For me it came with an 8th grade English project. My son was assigned the "Time Magazine Man of the Year Project." Being artistically and mathematically talented, he chose Leonardo daVinci. He started with the cover, followed up with some colorful ads, and then the copy.
I don't remember how I got involved, but I do remember taking photos of Leonardo's projects, helping with layout, typing and captions, and overall using my journalism and photojournalism skills to help him create the magazine. Of course it was an outstanding project; no doubt he received an "A."
For me, it was a lot of fun, but I also had to stop and ask myself: What are you doing?
Basically I was having a midlife crisis. I wasn't sleeping well. Children were growing up, needing me less. I was into my helicopter mom mode with the Leonardo project, and it made me realize that I had to make a change.
Of course there were starts and stops. I've made mistakes, I thought. I had opportunities I didn't grasp. I had gone for an interview for an unpaid internship in public relations, using my journalism background. But the result and underlying message was very negative. I was already 40. Younger people just out of college were preferred. I felt my opportunities were limited. I was not in a good place.
My husband was concerned, and if not for him I wouldn't have taken my first job, my first step back into the world of work. I had seen an ad for a job as a clerical assistant at the local university, which was walking distance away. I had a resume, but I didn't want to send it in. I thought: I have a master's degree in journalism; what am I doing looking for a clerical assistant job? I felt it was beneath me.
Well, my husband dropped the resume off right before the deadline, and before I knew it I had a job working for three professors on a gifted education project. I did that for a year; I still had insomnia and was working on my emotional issues. But it was a start.
While there I learned of a master's program in counseling psychology. I spoke to someone who had gone through it, and she reported it was "Micky Mouse," and very "touchy feely." Being more of a thinking, intellectual, head person, I immediately decided: that's exactly what I need.

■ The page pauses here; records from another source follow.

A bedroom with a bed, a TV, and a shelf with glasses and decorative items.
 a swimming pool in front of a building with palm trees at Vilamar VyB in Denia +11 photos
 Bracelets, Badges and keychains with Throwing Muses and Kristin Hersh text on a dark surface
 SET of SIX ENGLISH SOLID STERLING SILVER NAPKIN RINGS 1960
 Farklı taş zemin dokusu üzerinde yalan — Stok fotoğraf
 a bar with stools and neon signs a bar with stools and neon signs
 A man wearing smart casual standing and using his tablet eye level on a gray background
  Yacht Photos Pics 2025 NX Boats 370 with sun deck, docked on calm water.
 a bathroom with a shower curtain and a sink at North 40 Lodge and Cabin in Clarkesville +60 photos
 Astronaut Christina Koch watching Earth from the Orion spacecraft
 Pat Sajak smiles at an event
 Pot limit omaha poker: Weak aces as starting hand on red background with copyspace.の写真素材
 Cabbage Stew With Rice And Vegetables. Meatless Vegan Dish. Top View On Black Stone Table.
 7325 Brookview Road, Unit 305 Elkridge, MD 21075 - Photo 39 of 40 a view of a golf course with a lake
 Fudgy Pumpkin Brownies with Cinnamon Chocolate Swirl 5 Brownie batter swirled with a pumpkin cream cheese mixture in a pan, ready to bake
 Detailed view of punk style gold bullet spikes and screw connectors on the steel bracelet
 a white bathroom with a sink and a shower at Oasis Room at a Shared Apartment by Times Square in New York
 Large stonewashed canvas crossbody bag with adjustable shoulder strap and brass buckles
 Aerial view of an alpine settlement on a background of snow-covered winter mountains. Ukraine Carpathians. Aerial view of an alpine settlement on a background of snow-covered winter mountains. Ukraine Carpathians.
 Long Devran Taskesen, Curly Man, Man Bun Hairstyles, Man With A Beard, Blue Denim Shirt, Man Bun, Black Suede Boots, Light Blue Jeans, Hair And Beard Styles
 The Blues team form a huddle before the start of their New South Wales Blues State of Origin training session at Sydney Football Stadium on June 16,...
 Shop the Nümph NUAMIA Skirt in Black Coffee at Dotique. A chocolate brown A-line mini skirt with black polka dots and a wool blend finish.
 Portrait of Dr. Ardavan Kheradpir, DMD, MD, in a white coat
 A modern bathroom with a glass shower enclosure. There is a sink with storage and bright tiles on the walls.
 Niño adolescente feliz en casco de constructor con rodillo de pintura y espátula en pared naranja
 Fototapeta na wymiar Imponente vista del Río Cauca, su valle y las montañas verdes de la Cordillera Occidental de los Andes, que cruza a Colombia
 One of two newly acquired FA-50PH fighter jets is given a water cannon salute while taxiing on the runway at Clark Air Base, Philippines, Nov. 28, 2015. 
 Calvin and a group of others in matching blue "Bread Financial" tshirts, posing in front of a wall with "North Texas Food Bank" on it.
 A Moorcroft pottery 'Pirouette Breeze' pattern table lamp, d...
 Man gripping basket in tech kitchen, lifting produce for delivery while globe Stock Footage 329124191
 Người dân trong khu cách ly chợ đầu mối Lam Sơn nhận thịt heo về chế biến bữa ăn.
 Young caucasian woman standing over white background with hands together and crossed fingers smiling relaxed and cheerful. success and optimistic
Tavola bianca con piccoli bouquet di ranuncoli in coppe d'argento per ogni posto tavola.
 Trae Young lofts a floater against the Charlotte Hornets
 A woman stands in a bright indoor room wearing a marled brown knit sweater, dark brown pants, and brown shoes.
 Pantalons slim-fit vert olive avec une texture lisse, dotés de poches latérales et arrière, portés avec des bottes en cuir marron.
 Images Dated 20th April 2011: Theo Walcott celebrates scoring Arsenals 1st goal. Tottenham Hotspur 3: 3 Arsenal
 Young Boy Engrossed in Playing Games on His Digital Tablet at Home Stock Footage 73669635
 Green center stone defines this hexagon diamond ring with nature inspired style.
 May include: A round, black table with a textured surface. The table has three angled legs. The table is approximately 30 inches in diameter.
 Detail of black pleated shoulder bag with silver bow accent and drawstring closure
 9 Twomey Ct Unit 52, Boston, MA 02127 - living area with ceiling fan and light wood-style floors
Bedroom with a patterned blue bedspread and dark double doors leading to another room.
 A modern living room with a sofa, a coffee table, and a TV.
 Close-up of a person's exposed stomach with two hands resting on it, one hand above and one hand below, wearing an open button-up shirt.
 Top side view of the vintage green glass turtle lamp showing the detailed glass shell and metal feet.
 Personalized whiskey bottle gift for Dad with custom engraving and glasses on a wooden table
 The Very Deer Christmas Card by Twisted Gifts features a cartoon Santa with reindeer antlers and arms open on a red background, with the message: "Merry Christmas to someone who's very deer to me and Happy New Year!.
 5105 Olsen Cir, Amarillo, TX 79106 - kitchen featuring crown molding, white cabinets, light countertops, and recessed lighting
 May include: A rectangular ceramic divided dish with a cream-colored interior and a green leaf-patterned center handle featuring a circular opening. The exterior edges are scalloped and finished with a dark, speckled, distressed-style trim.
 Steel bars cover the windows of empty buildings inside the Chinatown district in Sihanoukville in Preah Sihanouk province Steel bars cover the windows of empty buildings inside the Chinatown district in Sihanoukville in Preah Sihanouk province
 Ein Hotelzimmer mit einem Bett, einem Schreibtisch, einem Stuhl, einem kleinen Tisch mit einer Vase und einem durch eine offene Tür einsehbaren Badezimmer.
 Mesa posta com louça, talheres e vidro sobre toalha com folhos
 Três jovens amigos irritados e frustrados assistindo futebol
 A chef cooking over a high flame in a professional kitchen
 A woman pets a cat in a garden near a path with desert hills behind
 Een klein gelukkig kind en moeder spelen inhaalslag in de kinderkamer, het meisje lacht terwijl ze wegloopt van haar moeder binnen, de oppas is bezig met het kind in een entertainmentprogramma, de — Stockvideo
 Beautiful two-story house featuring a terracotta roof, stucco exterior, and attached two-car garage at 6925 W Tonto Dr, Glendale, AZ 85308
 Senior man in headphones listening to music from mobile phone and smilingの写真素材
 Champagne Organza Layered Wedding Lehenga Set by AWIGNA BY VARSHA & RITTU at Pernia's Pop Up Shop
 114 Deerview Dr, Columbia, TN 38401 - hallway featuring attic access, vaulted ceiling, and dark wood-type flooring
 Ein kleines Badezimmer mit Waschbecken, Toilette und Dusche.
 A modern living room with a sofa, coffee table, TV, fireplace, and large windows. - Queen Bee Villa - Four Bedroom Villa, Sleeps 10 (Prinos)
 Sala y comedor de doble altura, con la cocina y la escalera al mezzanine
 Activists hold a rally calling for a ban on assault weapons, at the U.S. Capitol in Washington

Something "touchy feely." So I enrolled and had a wonderful three years of learning not just about educational psychology, but about ME. And so I began my journeys in personal development.
Lately, in decluttering the garage, I came across some of my son's schoolwork, including the Leonardo project. I was reminded of my younger self, of the need to reinvent myself at that point in time. And of the ongoing reinventions during different periods of our lives. Recently I heard of a book called "The 100-Year Life: Living and working in an age of longevity" by Lynda Gratton. 100 Years! That's going to take quite a few reinventions.
And as Ernest Holmes says: "In mental work, we must realize that there is One Infinite Mind, which is consciously directing our destiny. Declare every day that: 'No mistakes have been made, none are being made, and none CAN be made.' And know that we stand at the point of limitless opportunity; that opportunity is right here today; that we see it and grasp it. We exist in Limitless Opportunities, which are forever seeking expression through us."
Leonardo seemed to express limitless creativity throughout his long productive life. So can it be for us. And so it is.